I would think that is what it should be able to do, without the Airport Extreme/regular Airport base station.

It would most definately be using Rendezvous, which *should* be working fine no matter if you are wireless or wired, but what gets me is what the specs say on Apple's website:



> AirPort Extreme System Requirements
> For Macintosh users:
> Computer hardware:
> 
> * A Macintosh computer with an AirPort Extreme Card or AirPort Card



So, I wonder if Apple hasn't enabled sharing on the ethernet interface for some reason, just based on the specs saying that you need a wireless computer for it to work.  There shouldn't really be any reason that you can't share from any Mac, no matter if it's wired or wireless, but they state that you need wireless.

If they did disable it on the ethernet interface for some reason, I would think all they would need to do is put out a firmware update to enable it.


----------



## RyanLang (Jun 7, 2004)

Aside from the audio thing, which is neat, it's just a wireless access point which you can buy for around 70 bucks from a slew of other companies like Linksys. The apple one is obviously the coolest as usual.


----------



## kerrazyjoe (Jun 7, 2004)

I did not see that system requirements: now I see where CaptainCode is coming from. I will guess that one can stream music to a stereo over a wired network using AirportExpress - I have my fingers crossed.


----------



## kerrazyjoe (Jun 7, 2004)

RyanLang said:
			
		

> Aside from the audio thing, which is neat, it's just a wireless access point which you can buy for around 70 bucks from a slew of other companies like Linksys. The apple one is obviously the coolest as usual.

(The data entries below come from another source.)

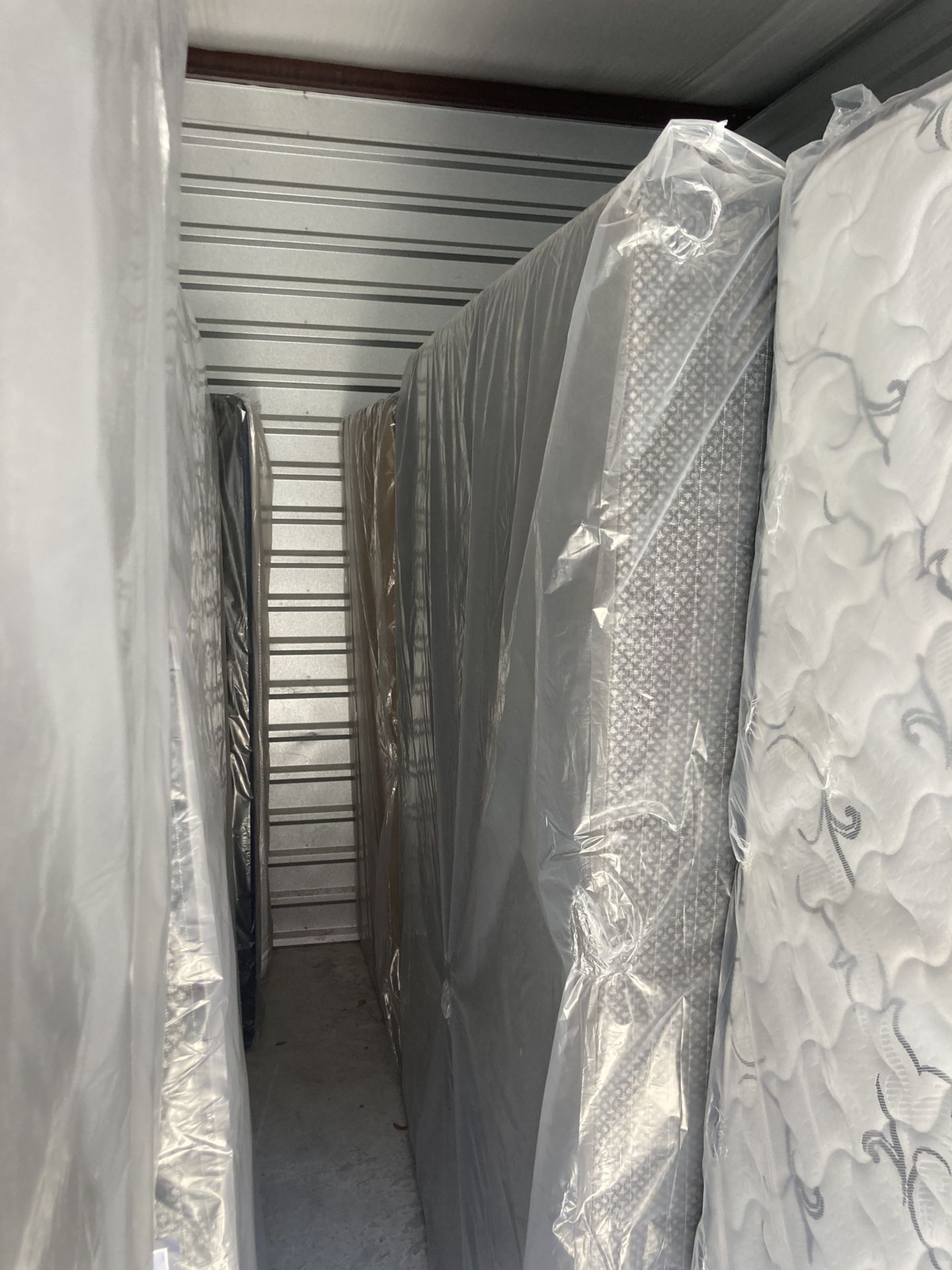 😴😴💤💤BIG PLUSH TOP MATTRESS STARTING AT $150 WITH FREE BOX SPRING BEST PRICE IN TOWN WHOLESALE PRICE💤💤😴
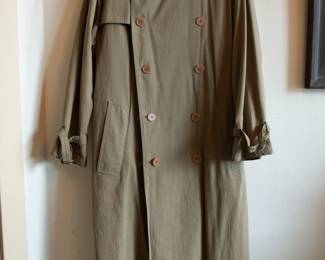 Vintage classic men's Giorgio Armani trench coat, size 38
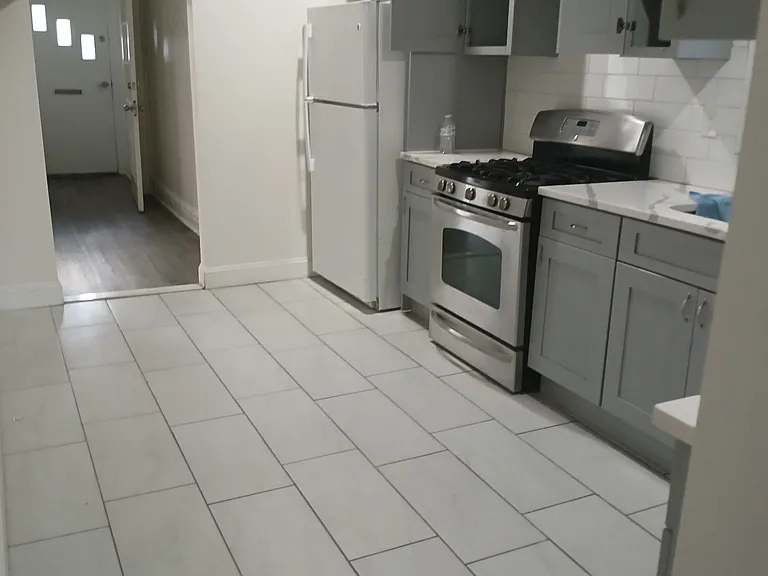 97 W 14th St #1 — Photo 5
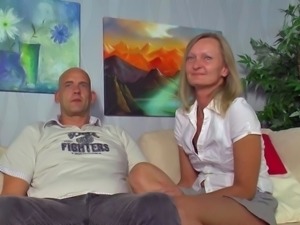 Amateur blonde gives great handjob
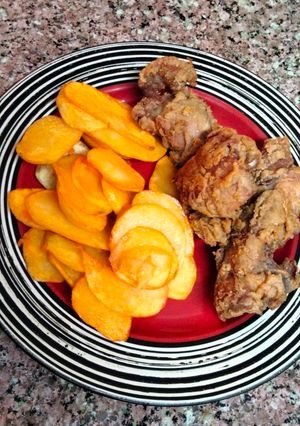 A picture of Isa's fried chicken and potatoes #5threcipe.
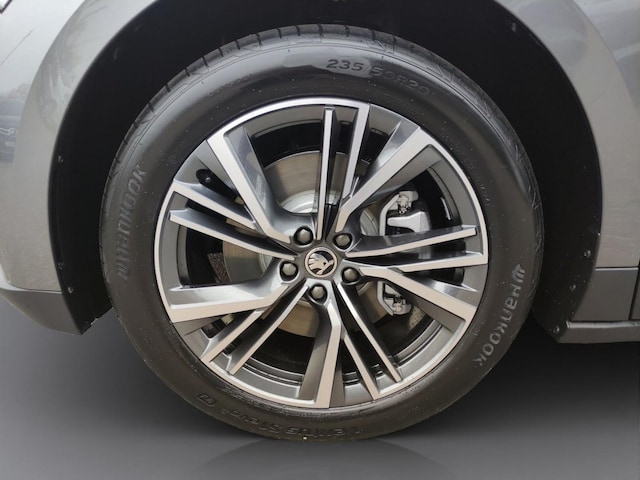 Skoda Enyaq iV ELEKTRO 286PS ACC NAVI LED AHK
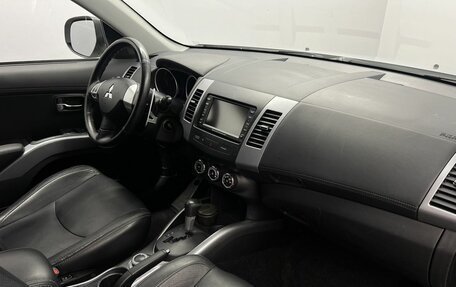 Mitsubishi Outlander III рестайлинг 3, 2010 год, 1 095 000 рублей, 9 фотография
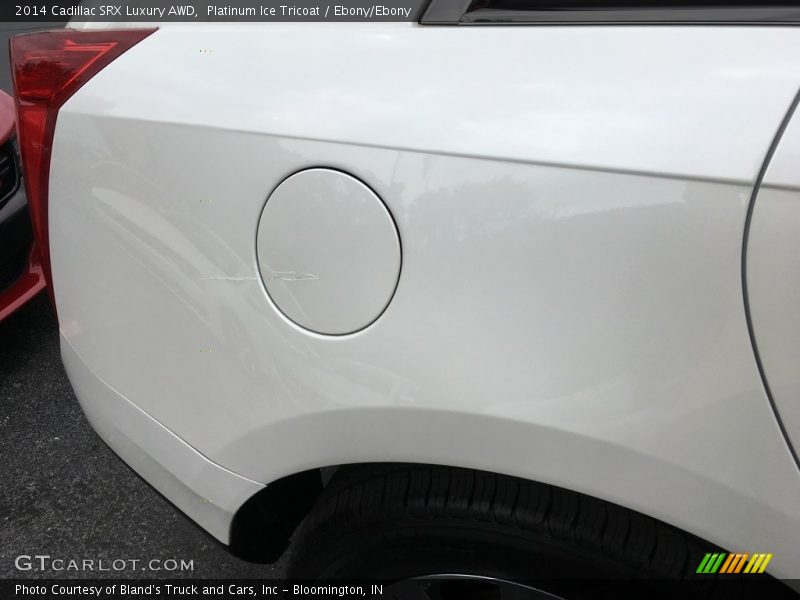 Platinum Ice Tricoat / Ebony/Ebony 2014 Cadillac SRX Luxury AWD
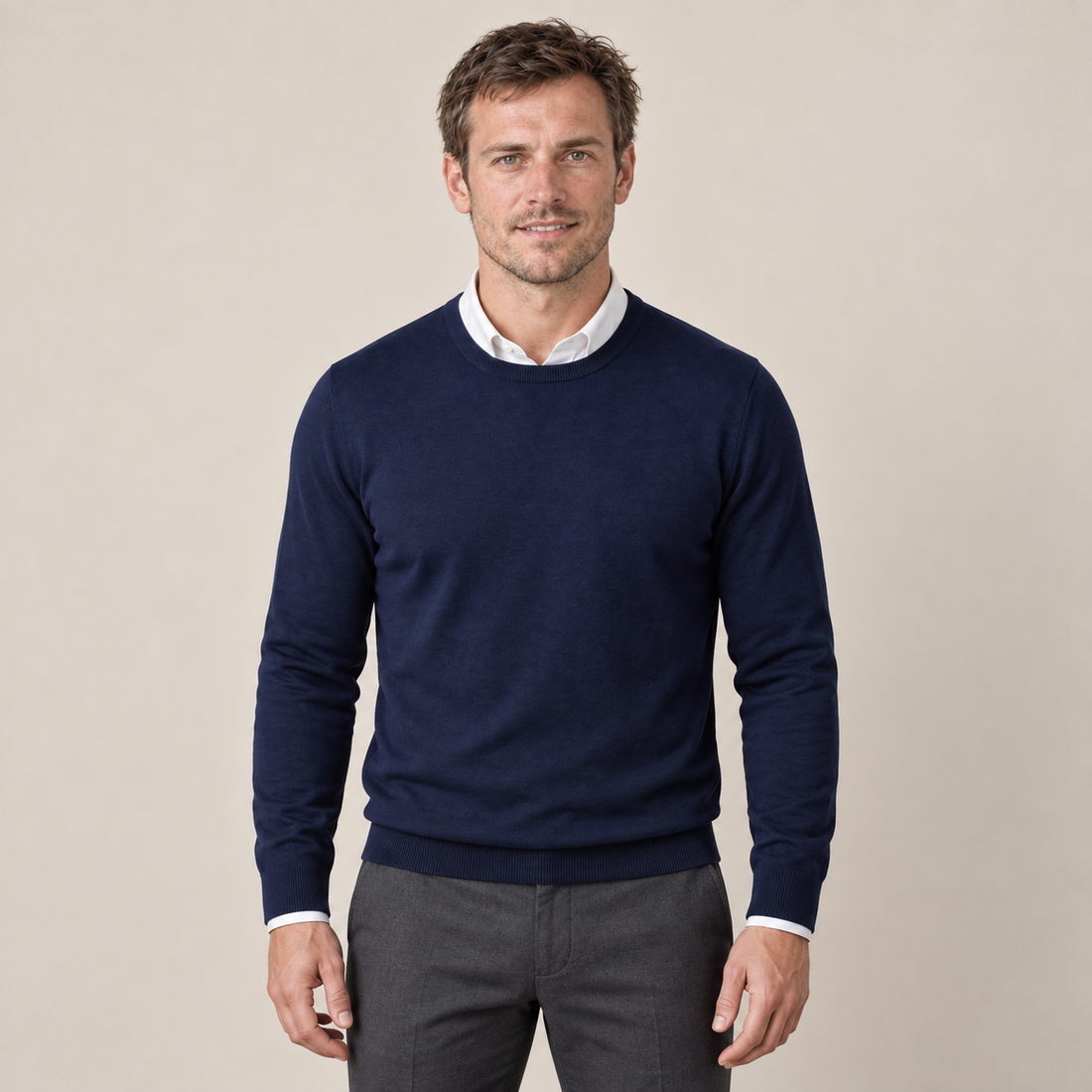 Sweter męski z cienkiej dzianiny z okrągłym dekoltem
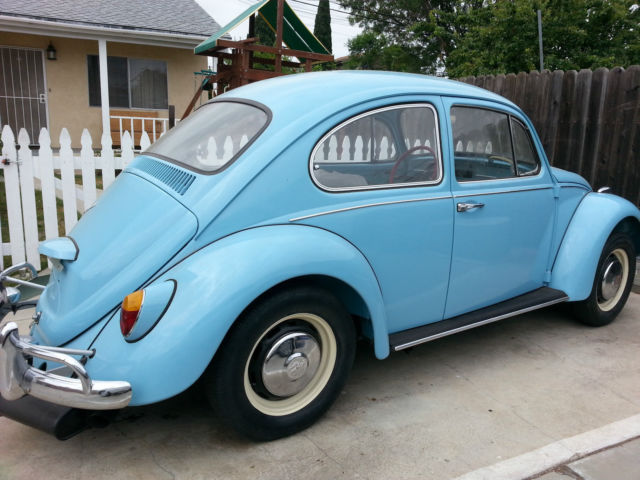 1967 Volkswagen Beetle - Classic (Light Blue/Light cream)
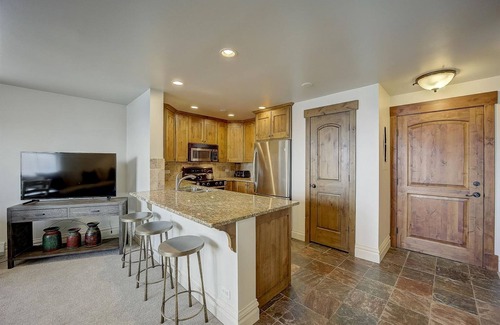 North Park City Condo | Resort Plaza #5037 by AvantStay | Located in Park City Mountain Resort!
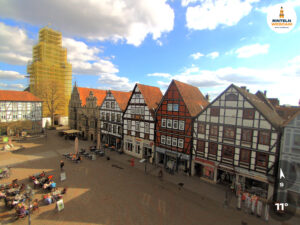 🕒 Update Rinteln (Sicht: Blick auf den Rintelner Marktplatz in Richtung St. Nikolai-Kirche) um 16:00 Uhr: 11°C.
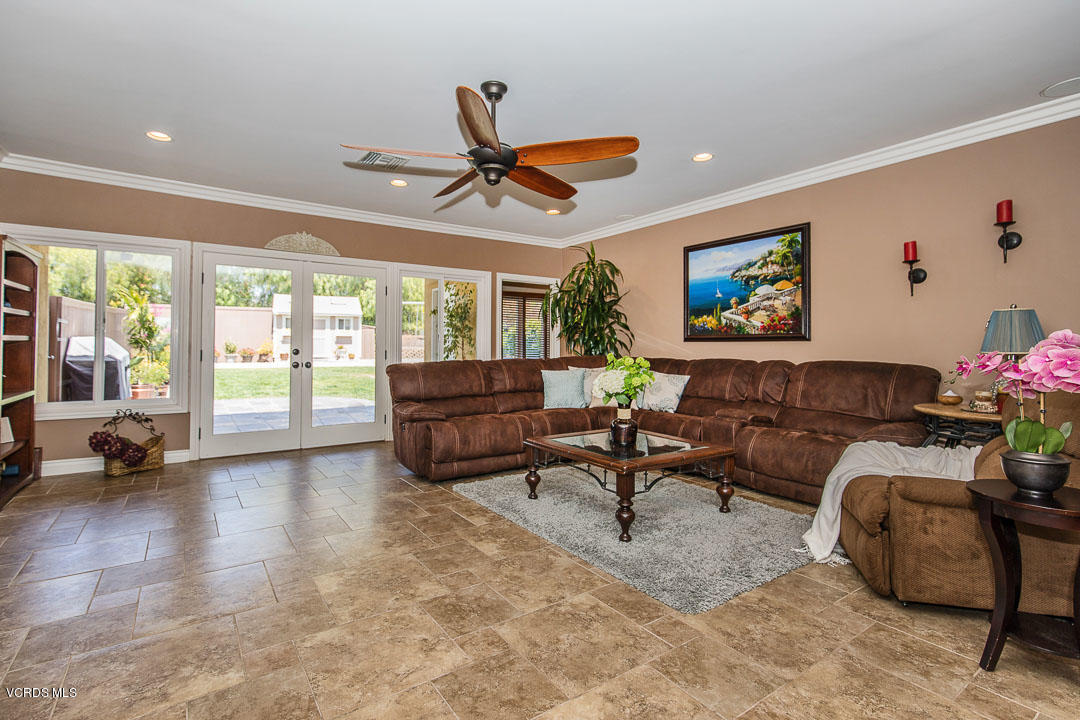959 Rancho Road Thousand Oaks, CA 91362 - Photo 19 of 57 a living room with furniture and a large window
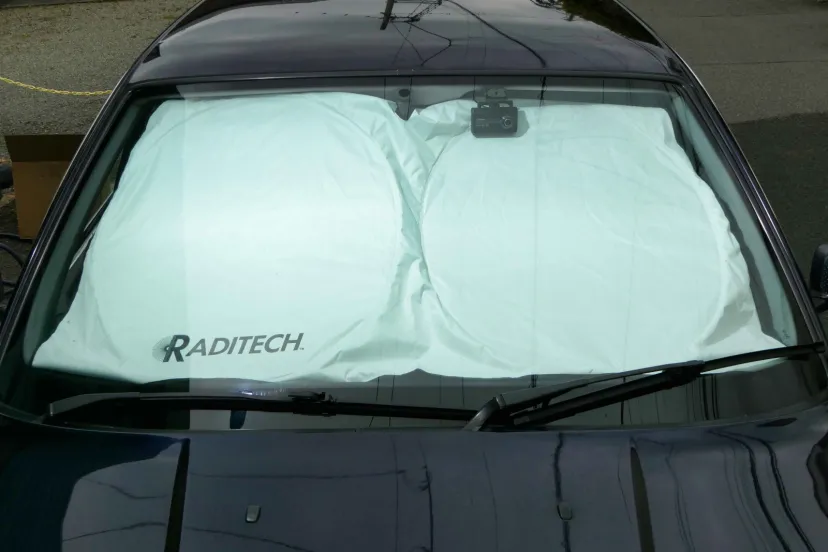 車内温度の上昇を抑える進化した機能派サンシェードは生地が違う！【ニューカマー追試診断】AMON・ラディテックサンシェード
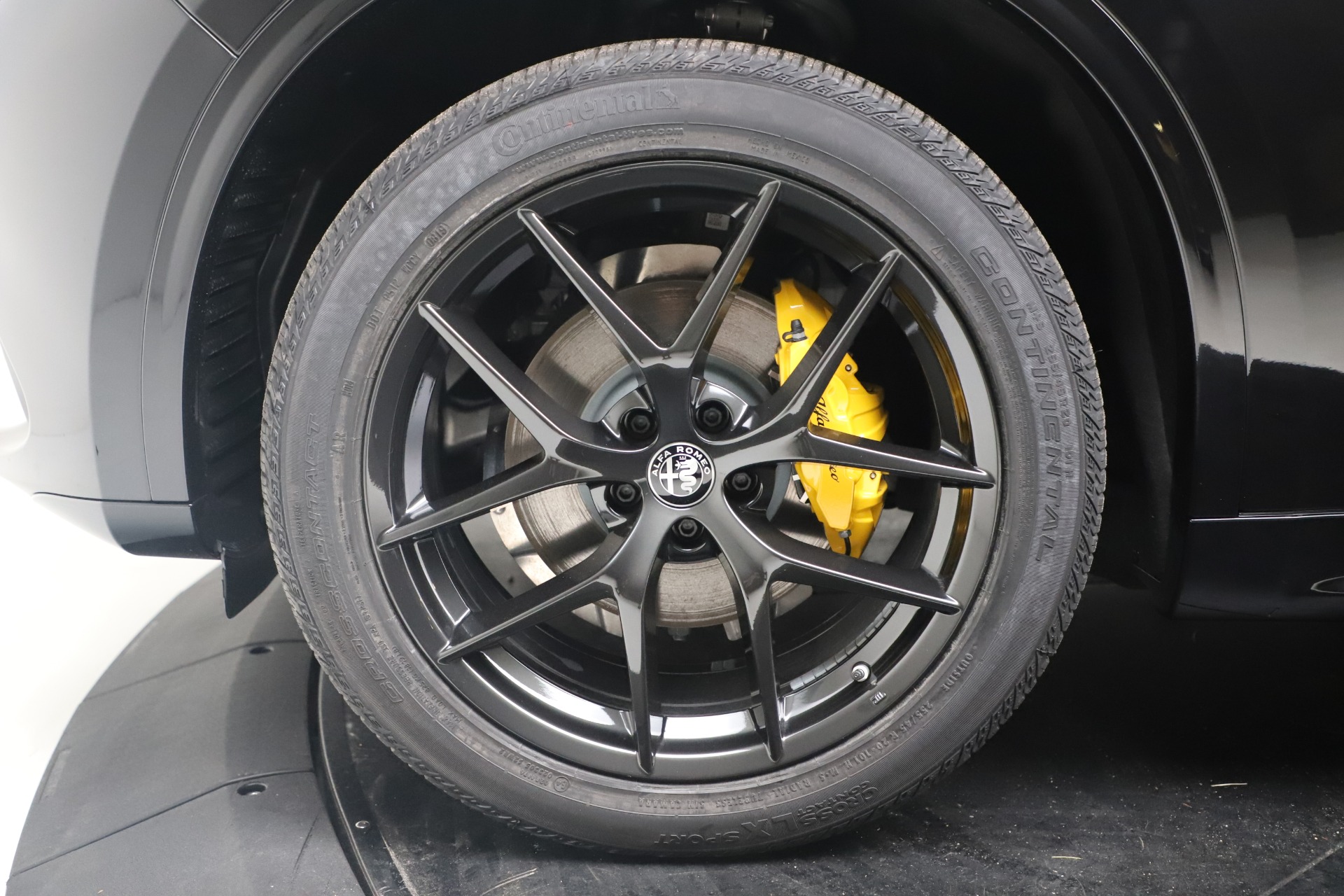 New 2020 Alfa Romeo Stelvio Ti Sport Q4 | St. Petersburg, FL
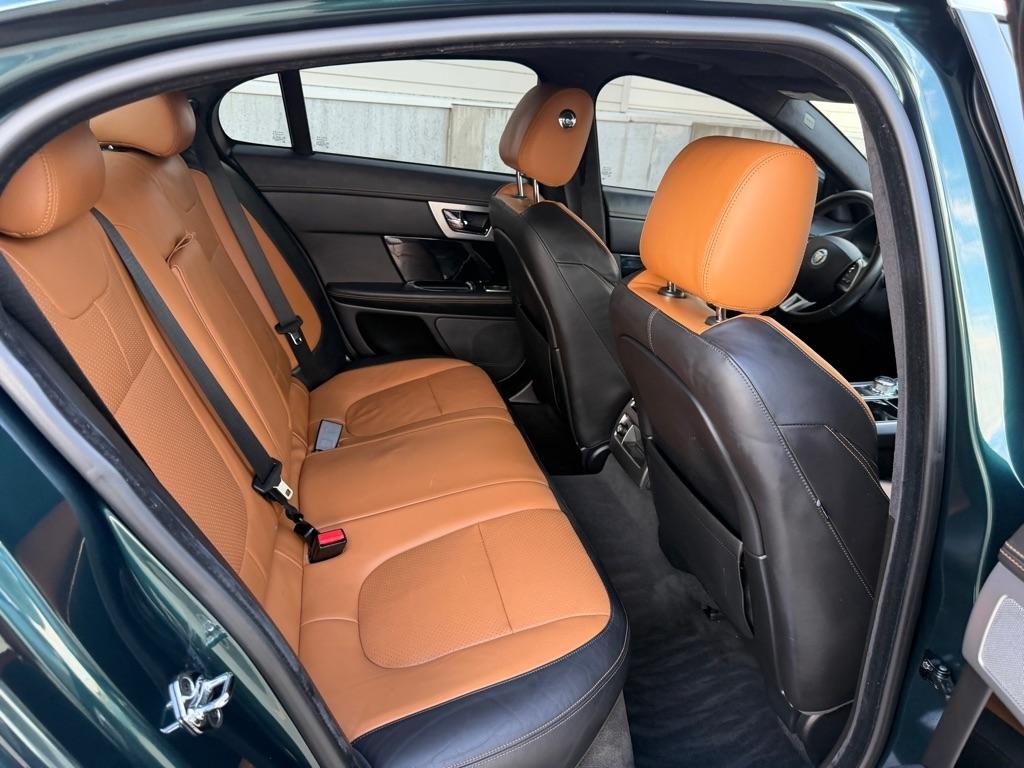 Jaguar XF-Series XF Supercharged 2012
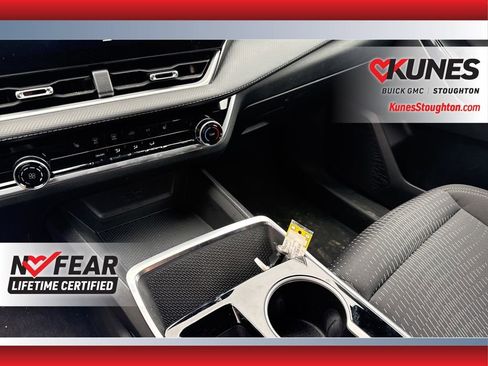 Used 2025 Chevrolet Equinox LT image 32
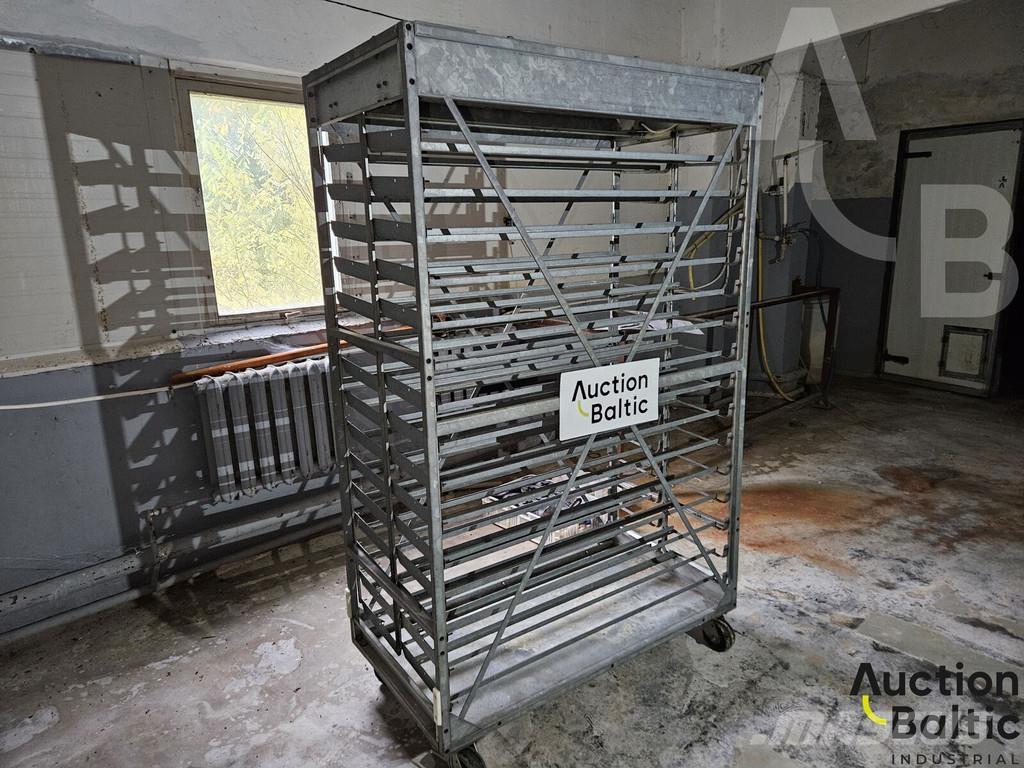 Jamesway  Drugi strojevi za stoku i dodatna oprema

I want it just for the "audio thing" .  A 70$ access point does me no good - A 120$ "audio thing" solves a 'Problem' for me.
Thanks for the info RyanLang - I was not aware of that.


----------



## jeb1138 (Jun 7, 2004)

RyanLang said:
			
		

> Aside from the audio thing, which is neat, it's just a wireless access point which you can buy for around 70 bucks from a slew of other companies like Linksys. The apple one is obviously the coolest as usual.



Well, an access point which also automatically configures to work as a bridge or a repeater and is unusually compact and cable-free and has a printer USB sharing port too, which are sometimes found in other access points but sometimes not, yes?


----------



## unimaxium (Jun 7, 2004)

> One thing about it that is sort of dumb, is you need to use Airport to share the music. So you CAN'T share music from computers that don't use Airport, even if they are plugged into the same LAN..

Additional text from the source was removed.